┌──

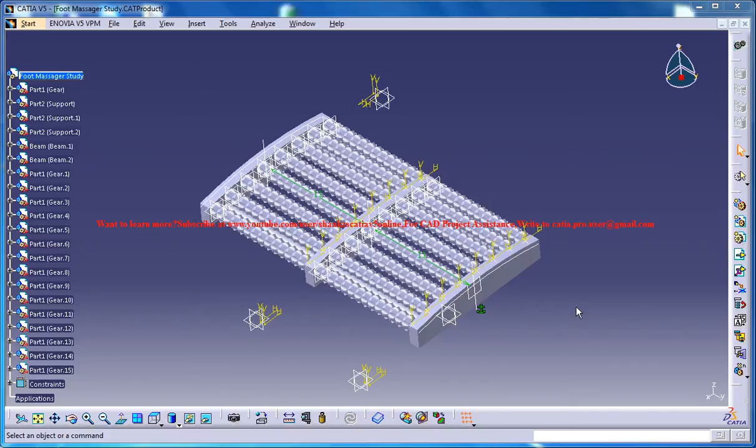Hello friends, this is Mohamed Shaqeel here and in this tutorial series I will be showing you how you can design a foot massager in Catia V5.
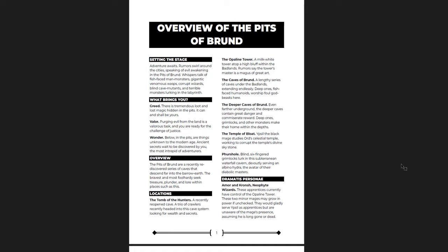What you have is a series of locations. You have the Tomb of the Hunters, the Opaline Tower, the Caves of Brund, the Deeper Caves of Brund, the Temple of Bloat, and Forshoal. The maps of these locations are done by Dyson Logos. They're keyed here and they're filled out, which is great. It's awesome.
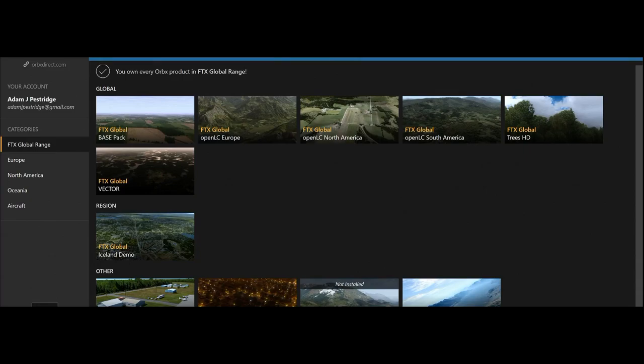I bring out a video pretty much every once or twice a week. If you want to make sure you get all my videos, please hit that little bell icon next to the subscribe button, make it ring, and you'll get every single video.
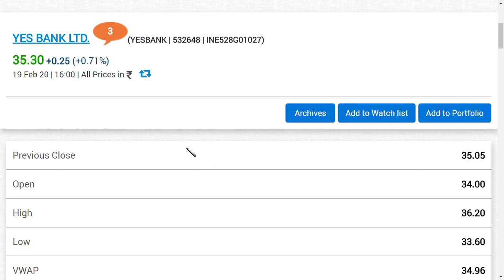So only I started saying small traders, small intraday traders and swing traders, if they get this point beautifully, they can easily trade this Yes Bank Limited and gain a lot of bucks. This is the latest news regarding Yes Bank Limited.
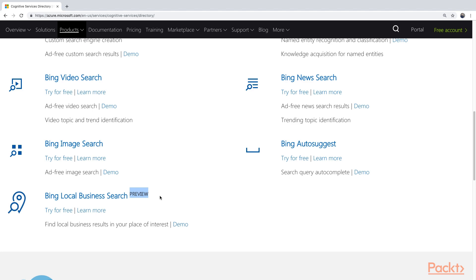If we then continue here from the bottom, we also have the Bing Auto-Suggest. If you have used the Bing search engine before, when you start typing, it will already suggest some search results for you.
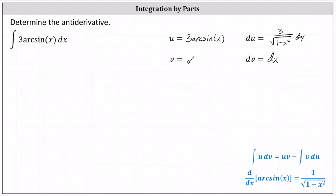We leave the plus c until the very end. As a review, integrating both sides of dv equals dx, we can write it as the integral of 1 dv equals the integral of 1 dx, which gives us v equals x. The plus c is saved for the very end.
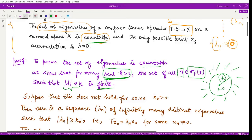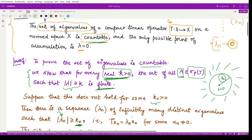We suppose the result does not hold — that is, for some real number k₀ > 0, we obtain a sequence λ_n consisting of infinitely many distinct eigenvalues satisfying |λ_n| ≥ k₀. Because all these λ_n are eigenvalues of operator T, we can define T(x_n) = λ_n x_n for some x_n ≠ 0, where x_n acts as eigenvector and λ_n as eigenvalue.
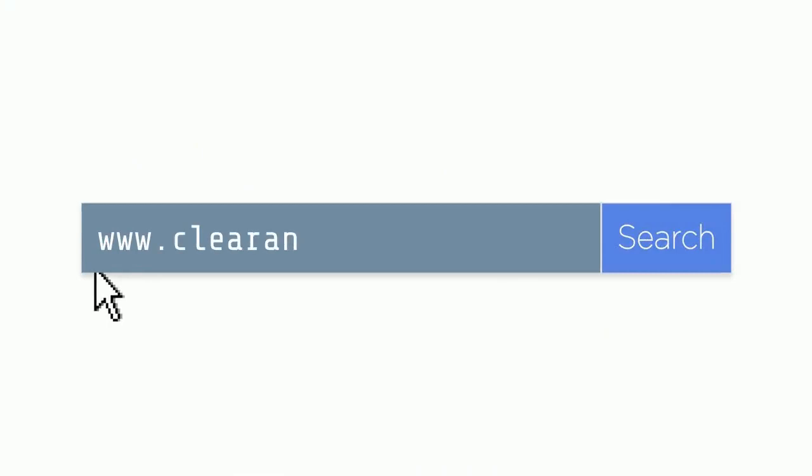To search for machine learning jobs or find more about employers looking to hire in the field, visit us at clearancejobs.com.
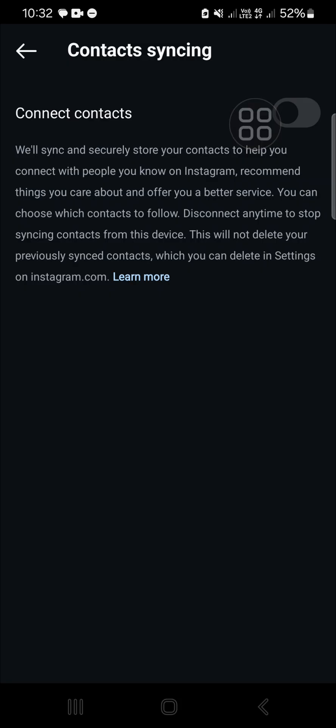All right guys, and that's all the way to hide our Instagram account from contacts. I hope this tutorial will be useful for you. Thank you so much for watching, and if you found this tutorial useful, don't forget to like, comment, share, and also subscribe to this channel. See you in the next video.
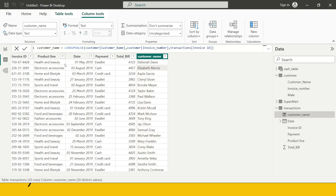As soon as you hit enter, you get the customer name. For this invoice ID, we got 'Deborah Davis' — so that's how you can use the LOOKUPVALUE function. One limitation: if you have duplicate invoice IDs or invoice numbers, it will give you an error. You need to make sure the common column has unique values, otherwise you'll get a value error. There is also another function called RELATED which is more efficient than LOOKUPVALUE, and we'll see that in the next video.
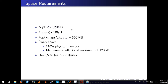When doing the installation, MapR has some space requirements. The /opt directory must have 128 gigabytes, /tmp should have 10 gigabytes of space, and /opt/mapr/logs should have 500 megabytes of space. The swap space has to be 110 percent of physical memory, or a minimum of 25 gigabytes up to 128 gigabytes. MapR also recommends using Logical Volume Manager for boot drives.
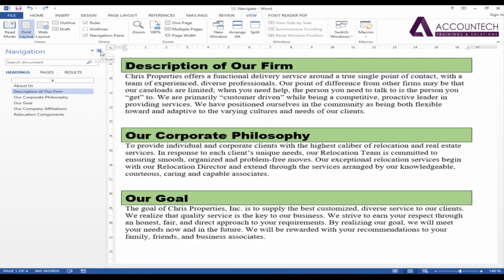This is one of the most convenient and useful functions of Word. Just practice this and we will go on to the next video. Thank you.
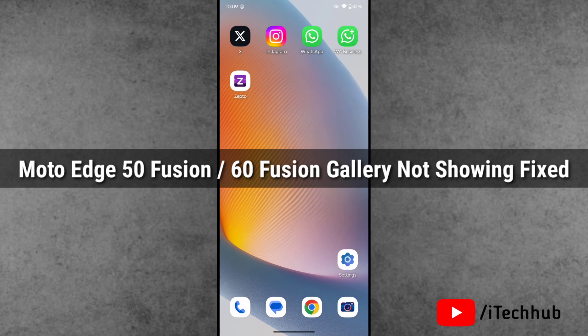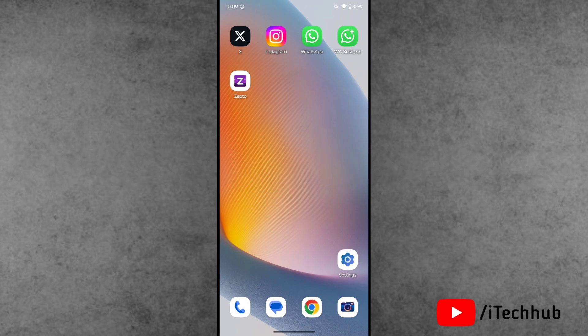In this video I'll show you - I recently purchased the Moto Edge 50 Fusion, but the gallery option is not showing.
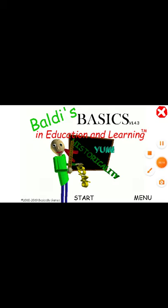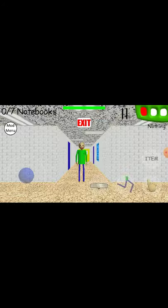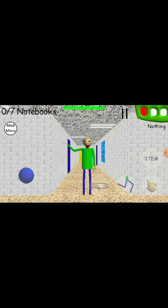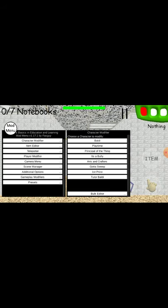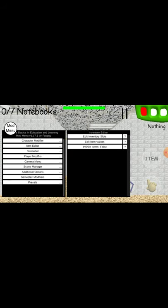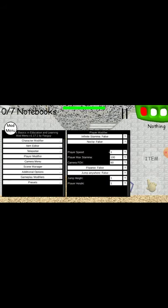Welcome to Bowie's Basics in Education and Learning! That's me! Oh, hi! Welcome to my schoolhouse!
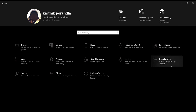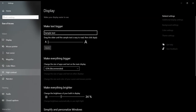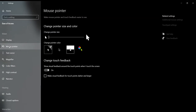Go to Ease of Access, then you can see Mouse Pointer — click on that. Then you can change the size of the cursor here. I want to keep it at one percent. So this is a way to change the cursor size, guys.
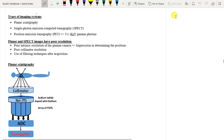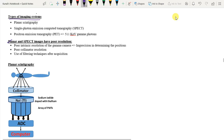Good morning everyone. In the last class we have seen what are the different types of imaging systems which use gamma radiation for imaging purposes. Today we will be taking up all these imaging modalities one by one. The first two imaging modalities which use gamma radiations are planar scintigraphy and SPECT images.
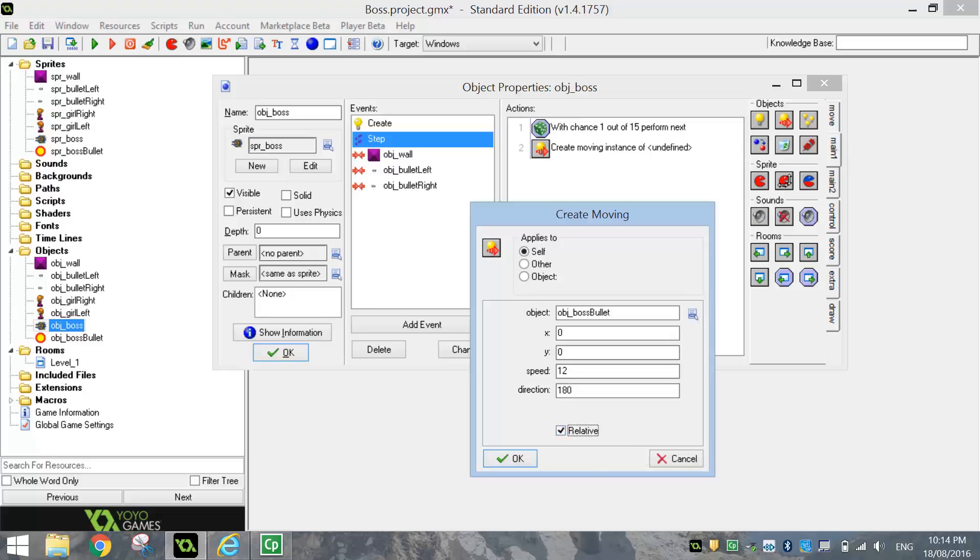If you wanted your bullets to go up, I think you'd choose like 90 degrees. Sorry, you'd choose about 270 degrees. If you want them to go down, you'd choose 90 degrees and 0 degrees if you want it to go right. So you might want to remember that for future reference. So I'm going to click OK on that.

└──

EXERCISE DIRECTIONS: Your response should reproduce the entire listing verbatim, minus the pictures.

PROBLEM SOLUTION:
Hello friends, this is Mohamed Shaqeel here and in this tutorial series I will be showing you how you can design a foot massager in Catia V5.
What you have is a series of locations. You have the Tomb of the Hunters, the Opaline Tower, the Caves of Brund, the Deeper Caves of Brund, the Temple of Bloat, and Forshoal. The maps of these locations are done by Dyson Logos. They're keyed here and they're filled out, which is great. It's awesome.
I bring out a video pretty much every once or twice a week. If you want to make sure you get all my videos, please hit that little bell icon next to the subscribe button, make it ring, and you'll get every single video.
So only I started saying small traders, small intraday traders and swing traders, if they get this point beautifully, they can easily trade this Yes Bank Limited and gain a lot of bucks. This is the latest news regarding Yes Bank Limited.
If we then continue here from the bottom, we also have the Bing Auto-Suggest. If you have used the Bing search engine before, when you start typing, it will already suggest some search results for you.
We leave the plus c until the very end. As a review, integrating both sides of dv equals dx, we can write it as the integral of 1 dv equals the integral of 1 dx, which gives us v equals x. The plus c is saved for the very end.
We suppose the result does not hold — that is, for some real number k₀ > 0, we obtain a sequence λ_n consisting of infinitely many distinct eigenvalues satisfying |λ_n| ≥ k₀. Because all these λ_n are eigenvalues of operator T, we can define T(x_n) = λ_n x_n for some x_n ≠ 0, where x_n acts as eigenvector and λ_n as eigenvalue.
To search for machine learning jobs or find more about employers looking to hire in the field, visit us at clearancejobs.com.
All right guys, and that's all the way to hide our Instagram account from contacts. I hope this tutorial will be useful for you. Thank you so much for watching, and if you found this tutorial useful, don't forget to like, comment, share, and also subscribe to this channel. See you in the next video.
As soon as you hit enter, you get the customer name. For this invoice ID, we got 'Deborah Davis' — so that's how you can use the LOOKUPVALUE function. One limitation: if you have duplicate invoice IDs or invoice numbers, it will give you an error. You need to make sure the common column has unique values, otherwise you'll get a value error. There is also another function called RELATED which is more efficient than LOOKUPVALUE, and we'll see that in the next video.
When doing the installation, MapR has some space requirements. The /opt directory must have 128 gigabytes, /tmp should have 10 gigabytes of space, and /opt/mapr/logs should have 500 megabytes of space. The swap space has to be 110 percent of physical memory, or a minimum of 25 gigabytes up to 128 gigabytes. MapR also recommends using Logical Volume Manager for boot drives.
This is one of the most convenient and useful functions of Word. Just practice this and we will go on to the next video. Thank you.
In this video I'll show you - I recently purchased the Moto Edge 50 Fusion, but the gallery option is not showing.
Welcome to Bowie's Basics in Education and Learning! That's me! Oh, hi! Welcome to my schoolhouse!
Go to Ease of Access, then you can see Mouse Pointer — click on that. Then you can change the size of the cursor here. I want to keep it at one percent. So this is a way to change the cursor size, guys.
Good morning everyone. In the last class we have seen what are the different types of imaging systems which use gamma radiation for imaging purposes. Today we will be taking up all these imaging modalities one by one. The first two imaging modalities which use gamma radiations are planar scintigraphy and SPECT images.
If you wanted your bullets to go up, I think you'd choose like 90 degrees. Sorry, you'd choose about 270 degrees. If you want them to go down, you'd choose 90 degrees and 0 degrees if you want it to go right. So you might want to remember that for future reference. So I'm going to click OK on that.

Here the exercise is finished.